:: DATA SHOWN ::

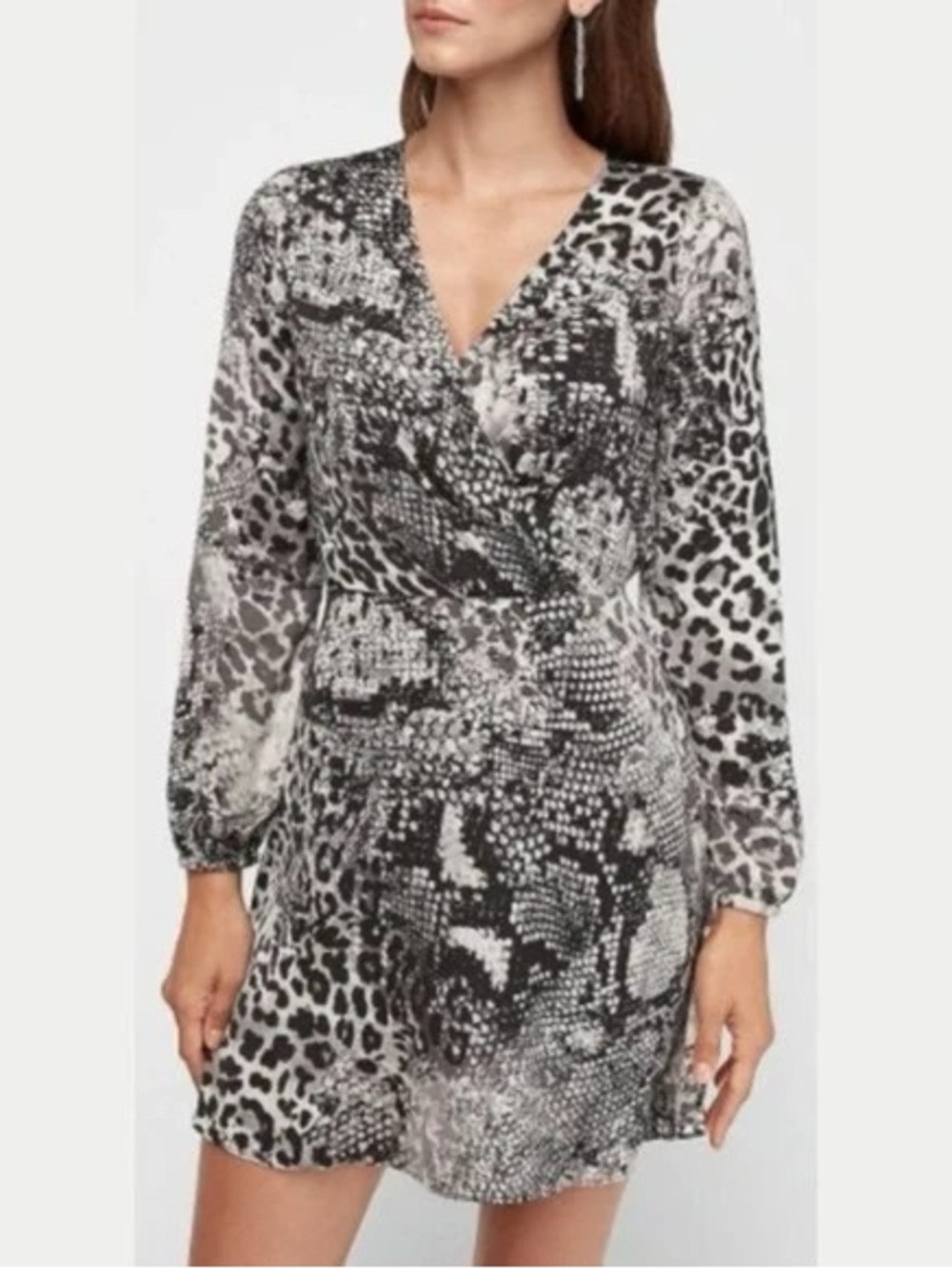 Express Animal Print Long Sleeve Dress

:::
:: DATA SHOWN ::

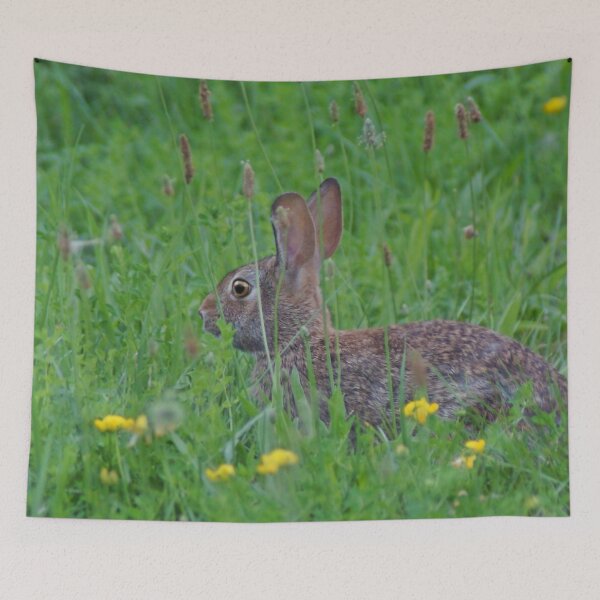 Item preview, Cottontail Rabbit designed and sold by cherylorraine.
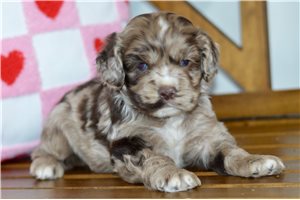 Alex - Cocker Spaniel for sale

:::

**TASK REQUIREMENTS**: Repeat the lines above exactly, beginning with the one containing "Item preview, Cottontail" and finishing with the one containing "Alex - Cocker Spaniel for sale". No pictures belong in the copy.

**TASK SOLUTION**:
 Item preview, Cottontail Rabbit designed and sold by cherylorraine.
 Alex - Cocker Spaniel for sale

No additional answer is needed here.